= Beginning of Section =
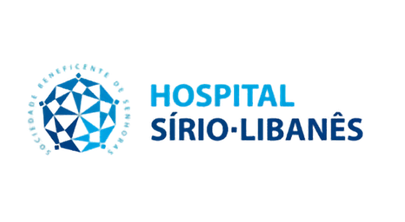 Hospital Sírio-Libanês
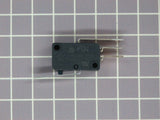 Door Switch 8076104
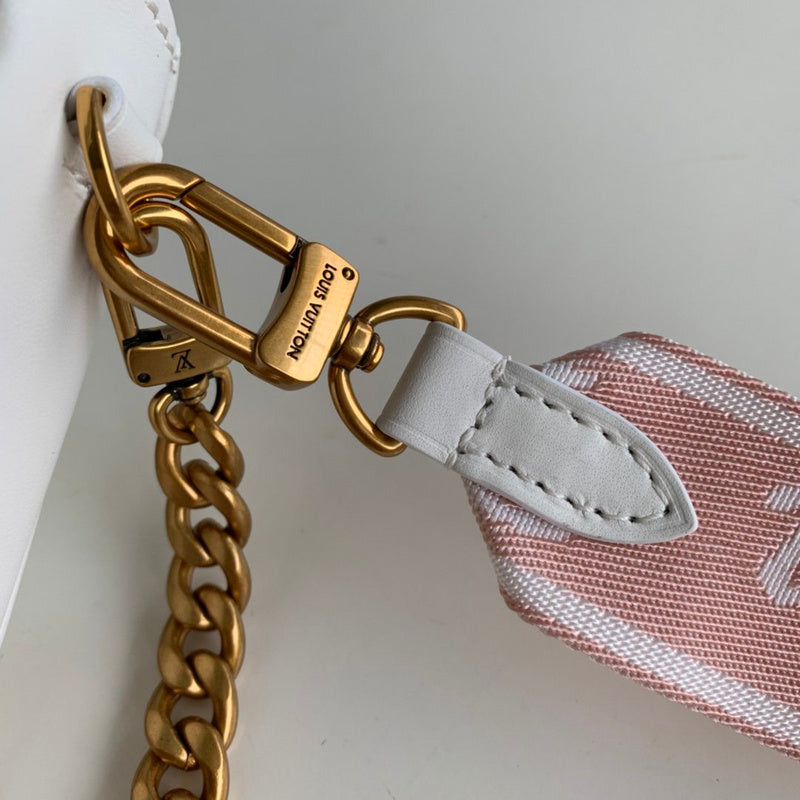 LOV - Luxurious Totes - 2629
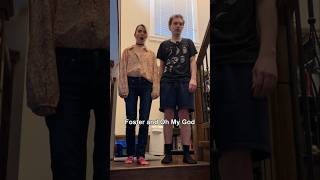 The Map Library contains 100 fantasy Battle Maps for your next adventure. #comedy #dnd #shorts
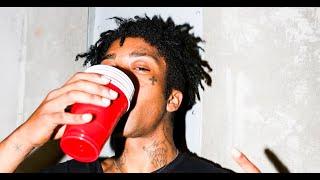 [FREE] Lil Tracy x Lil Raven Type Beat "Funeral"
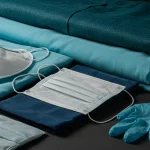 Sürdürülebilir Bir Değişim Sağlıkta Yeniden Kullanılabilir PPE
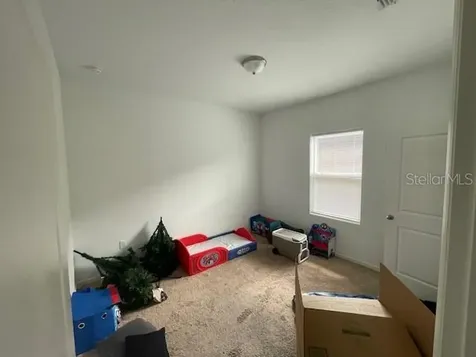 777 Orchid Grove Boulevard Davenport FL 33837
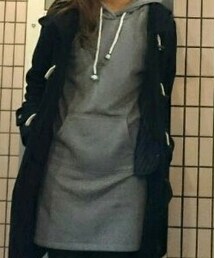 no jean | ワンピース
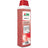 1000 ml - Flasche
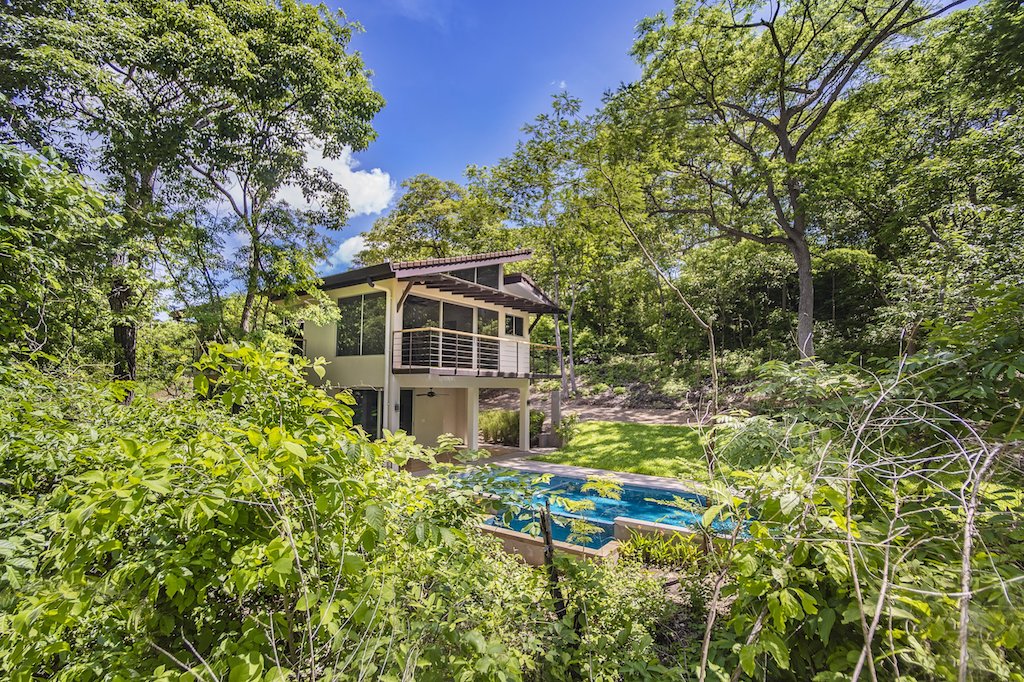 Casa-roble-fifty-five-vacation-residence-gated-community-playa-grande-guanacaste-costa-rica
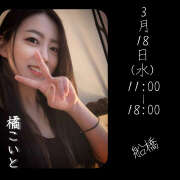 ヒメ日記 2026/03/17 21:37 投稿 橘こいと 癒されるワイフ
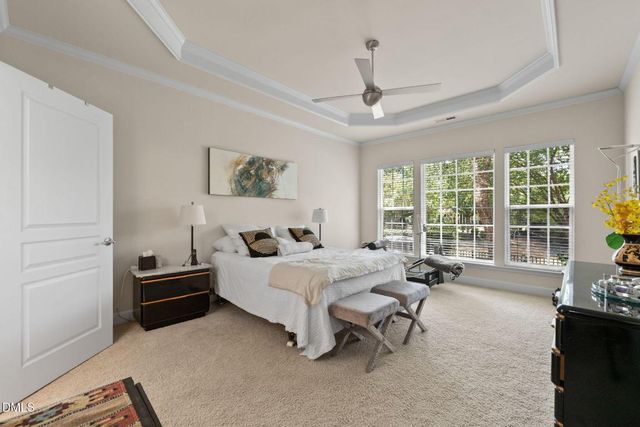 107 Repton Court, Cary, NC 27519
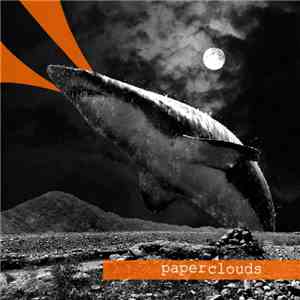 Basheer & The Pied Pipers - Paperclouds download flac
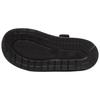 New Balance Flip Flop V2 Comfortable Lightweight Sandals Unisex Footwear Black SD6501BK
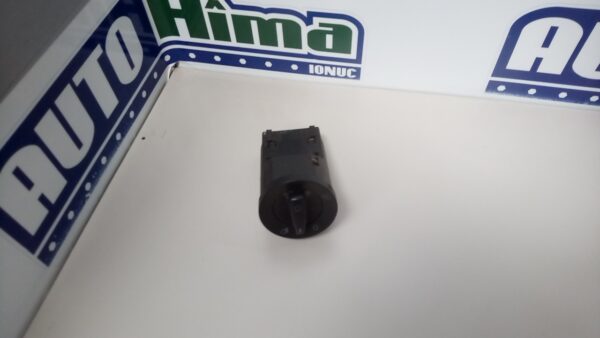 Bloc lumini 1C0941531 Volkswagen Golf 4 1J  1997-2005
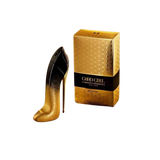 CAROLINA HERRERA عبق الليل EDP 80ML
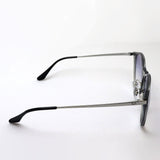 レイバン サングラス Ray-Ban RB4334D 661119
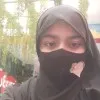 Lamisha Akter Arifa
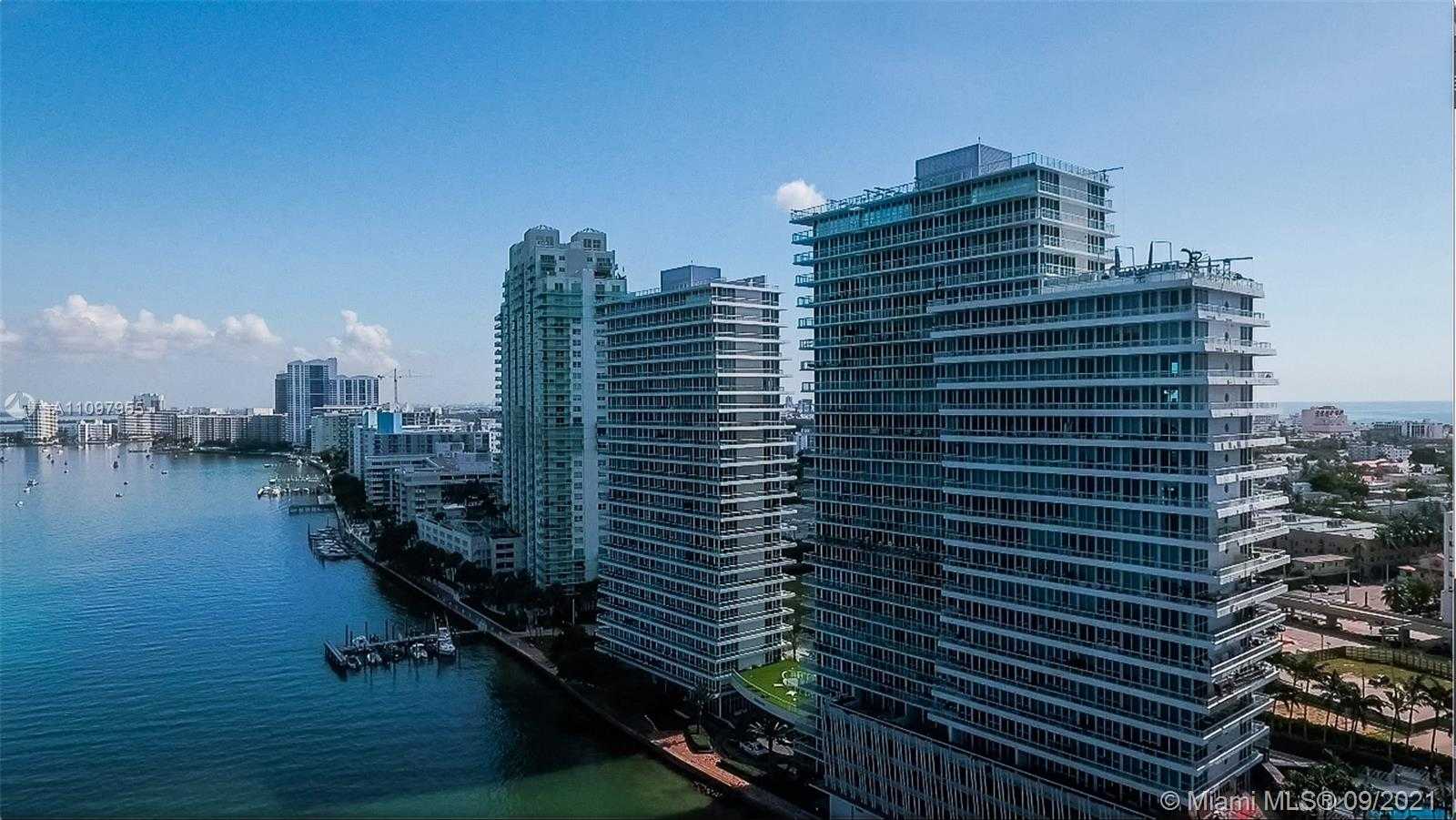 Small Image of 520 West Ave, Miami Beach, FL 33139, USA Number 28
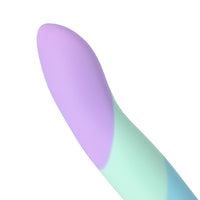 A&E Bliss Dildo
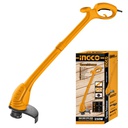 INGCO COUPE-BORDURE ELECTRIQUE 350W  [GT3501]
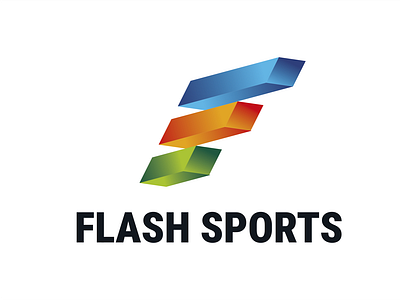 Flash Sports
= End of Section =
### Required action
Print an exact copy of the lines above, from the one containing "ヒメ日記 2026/03/17 21:37 投稿 橘こいと 癒されるワイフ" through the one containing "Bloc lumini 1C0941531", and leave out the pictures.

### Result for this task
 ヒメ日記 2026/03/17 21:37 投稿 橘こいと 癒されるワイフ
 107 Repton Court, Cary, NC 27519
 Basheer & The Pied Pipers - Paperclouds download flac
 New Balance Flip Flop V2 Comfortable Lightweight Sandals Unisex Footwear Black SD6501BK
 Bloc lumini 1C0941531 Volkswagen Golf 4 1J  1997-2005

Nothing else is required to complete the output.